Just ahead of these are Vellore (Tamil Nadu, whose population in 2015 will be 528,000 and which crossed 0.5 million in 2013), Mathura (Uttar Pradesh, 529,000 and 2014), Tirunelveli (Tamil Nadu, 530,000 and 2011), Sangli (Maharashtra, 545,000 and 2009), Tirupati (Andhra Pradesh, 550,000 and 2013), Ujjain (Madhya Pradesh, 556,000 and 2009), Kurnool (Andhra Pradesh, 567,000 and 2012), Muzaffarnagar (Uttar Pradesh, 587,000 and 2011), Erode (Tamil Nadu, 590,000 and 2010) and Cherthala (Kerala, 593,000 and 2013).

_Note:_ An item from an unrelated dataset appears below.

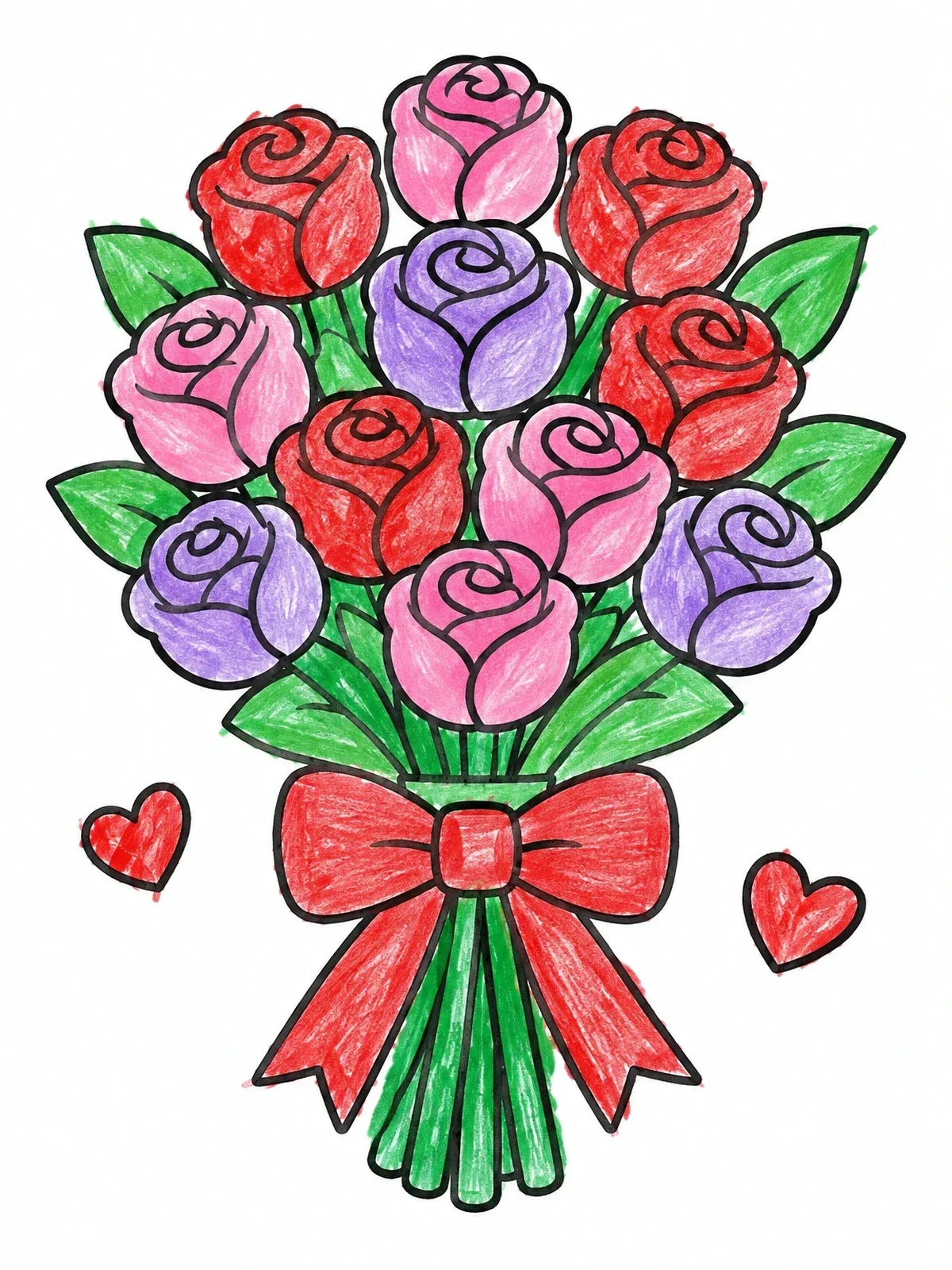 Colored example of the Sweet Valentine Rose Bouquet coloring page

To make this chart I have used the data from ‘World Urbanization Prospects: The 2014 Revision’, from the United Nations, Department of Economic and Social Affairs, Population Division. The 166 cities of India are extracted from the main table, ‘Annual Population of Urban Agglomerations with 300,000 Inhabitants or More in 2014, by Country, 1950-2030’.